What to work on: The full listing should be written out verbatim, and its images should be dropped.

Available data:

·····

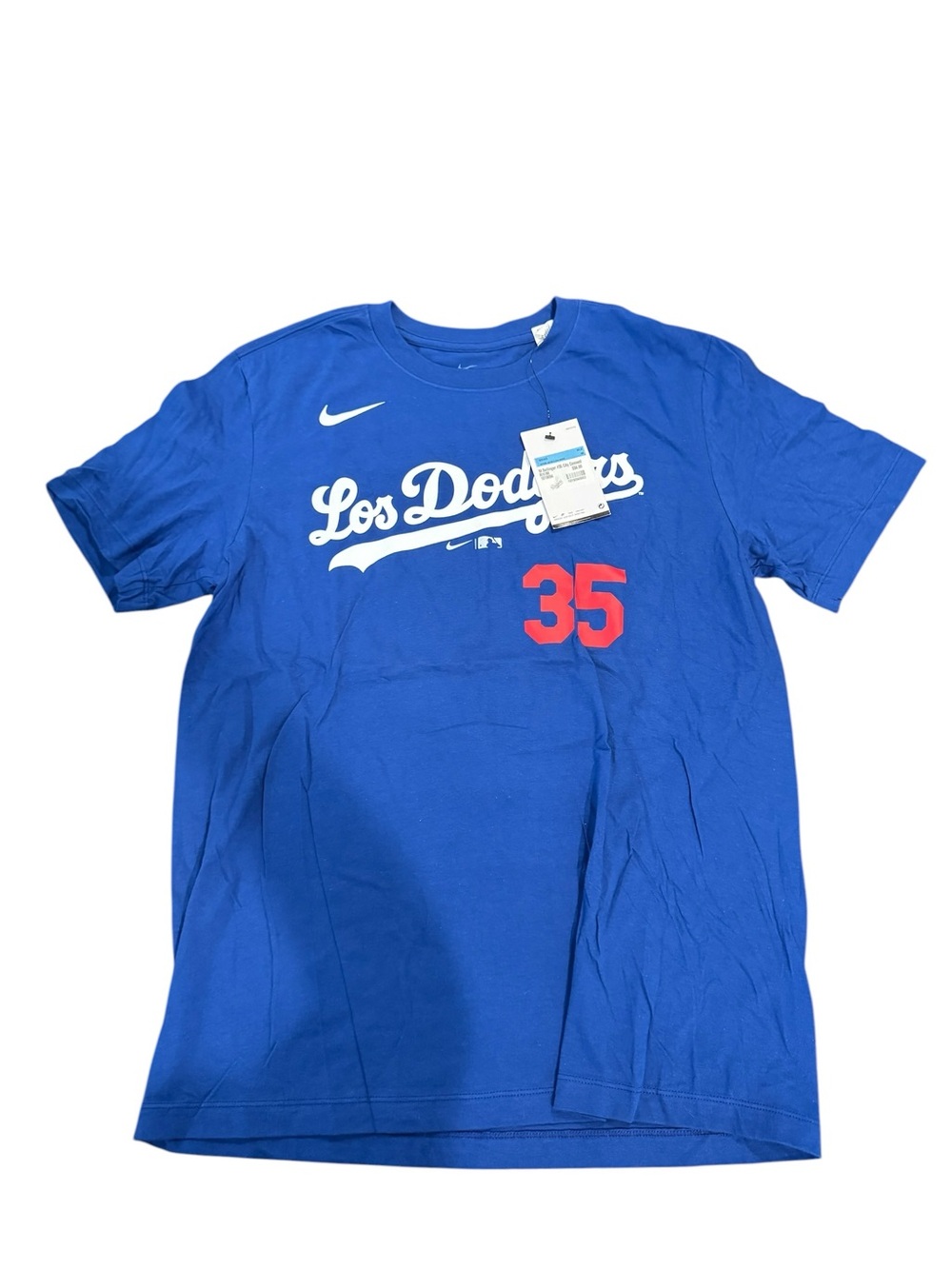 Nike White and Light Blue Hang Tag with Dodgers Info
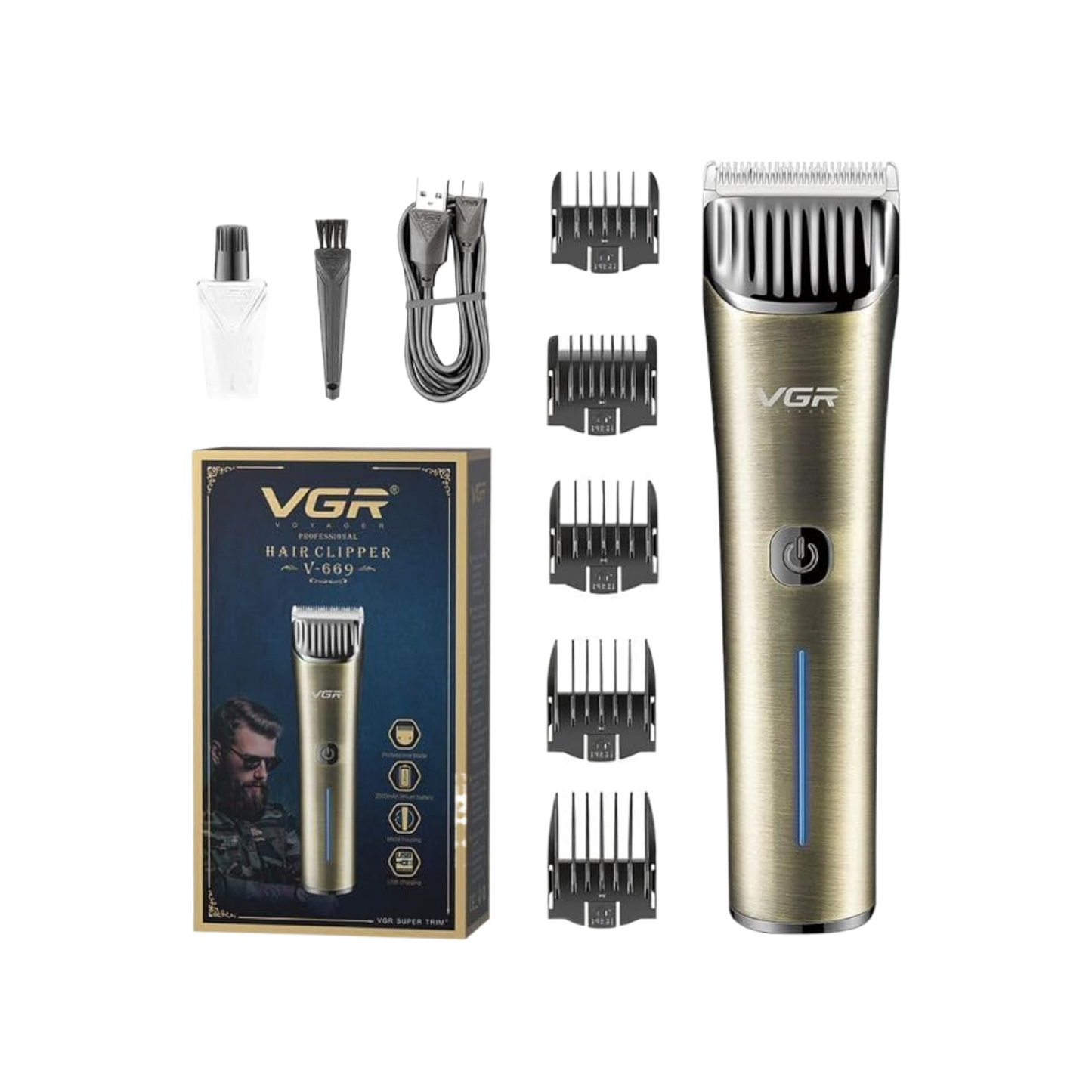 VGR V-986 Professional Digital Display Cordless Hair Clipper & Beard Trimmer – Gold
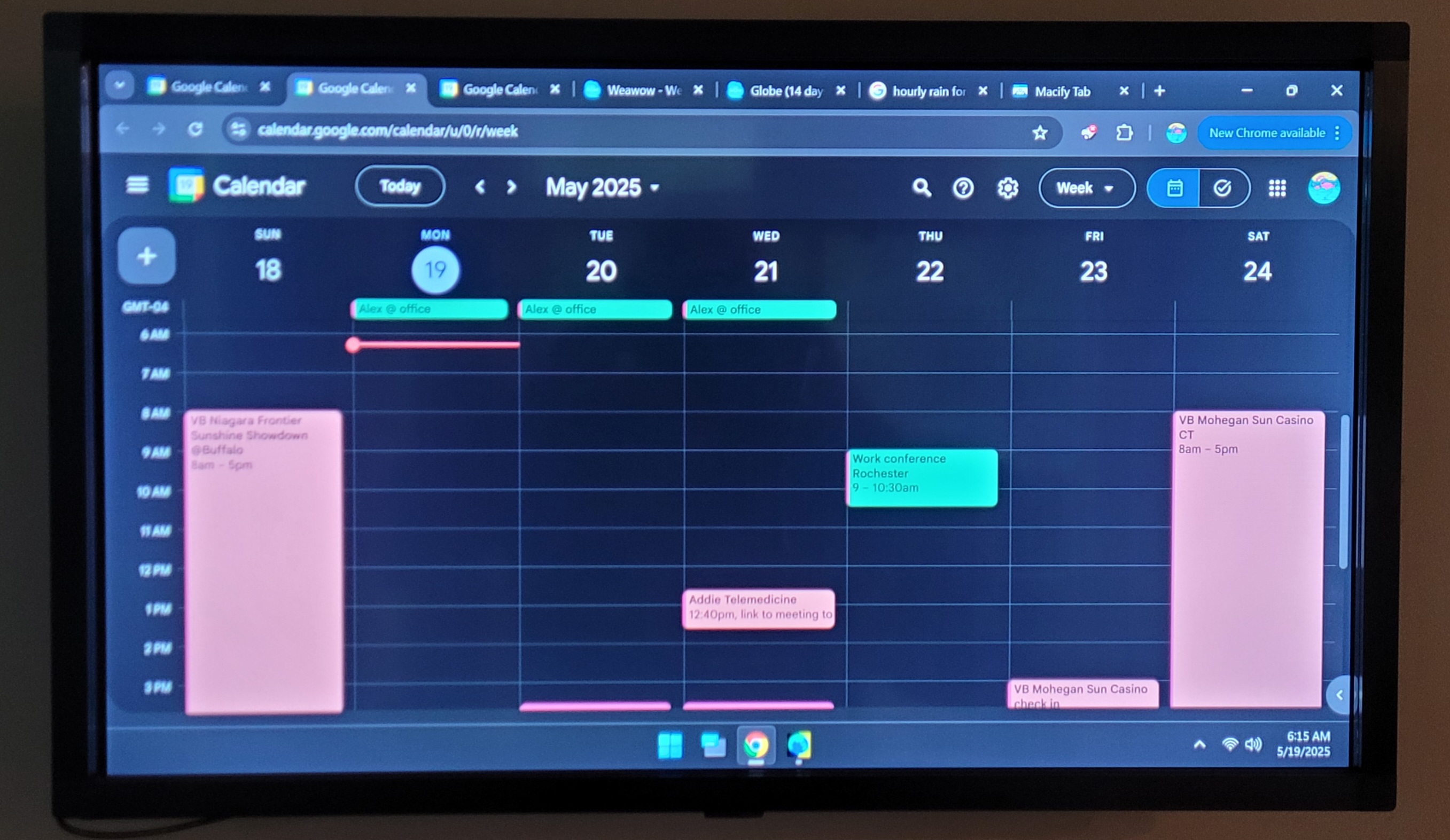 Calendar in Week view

·····

Solved exercise:
 Nike White and Light Blue Hang Tag with Dodgers Info
 VGR V-986 Professional Digital Display Cordless Hair Clipper & Beard Trimmer – Gold
 Calendar in Week view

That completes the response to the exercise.